Here we haven’t two people; it is like having the whole of one person at all ages and at all times spread out in one room at one time…

…In a group of this kind, maybe we could see the sort of thing that you describe, but also see the way in which an idea tracks through the community, and from that regard it as a sort of model that gives us some idea of how an idea tracks through the mind of the individual, using this very small community which is the totality of the thoughts, ideas and feelings that appear to be bounded by the physical integument of the body.”

(from “The Tavistock Seminars” by Wilfred R. Bion)

The idea that the group is more than  the sum of its parts is a great one: we make something else when we are together. That something else connects to something I was reading in the essays of Emerson  –  Man becomes Men, the Human becomes individuated women and men.

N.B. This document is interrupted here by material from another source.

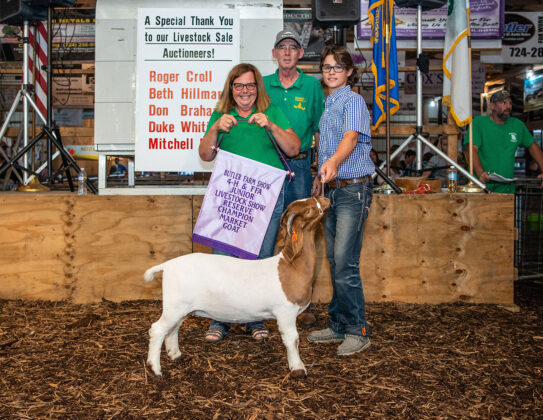Reserve Champion Goat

But the idea that there is something bigger than us as individuals, though  individuals are parts of  the greater body, is one we hunger for and we often go hungry. there aren’t many ways – football, concerts, political demonstrations aside –  where we become a greater sum. And a crowd is not a group. I was struck while reading by the thought of the astronomical work that is being done on the internet, where hundreds of thousands of individuals watch  particular small pieces of the night sky for changes –  can’t remember what this programme is called… can anyone help? – The number of individuals greatly increases the power of the investigation.

I think there is sometimes something like that in Shared Reading  groups –  to do with the  range and  nature of personal experiences brought to the table. One of the aspects of the group work consistently commented  on by participants and  Reader Leaders and observers is the  inclusive nature of the group experience. Of course this pulls two ways –  people have the chance to bring themselves in all their personal individuality. But then power of  group-think also exerts itself: we become as one.  I’ve always thought that in some way groups should be regularly  broken up and reassembled – shake the kaleidoscope to get  different patterns.  Lots of people disagree with that, naturally liking the regularity and consistency  of  the same people, same group leader.

Some of the best, that is to say, most productive ( I know there’s an argument for ‘the best’ being something other than ‘productive’, but speaking personally here) groups I’ve been involved in have had quite a bit of change in them.  New letters in the human alphabet, or letters not yet known or spelled out in the group, can have a profound and  useful effect.

But, sorry, times up  for today.

One thought on “Shaking the kaleidoscope: a few thoughts about groups, with Wilfred Bion

  1. Heather July 21, 2017 / 1:02 pm

    I fully agree with the idea that what happens in group is somehow more than the sum of its parts. An example similar to the astronomical one is the mapping of bird populations. Individuals get involved with ringing and recording birds and this info helps to map the overal population.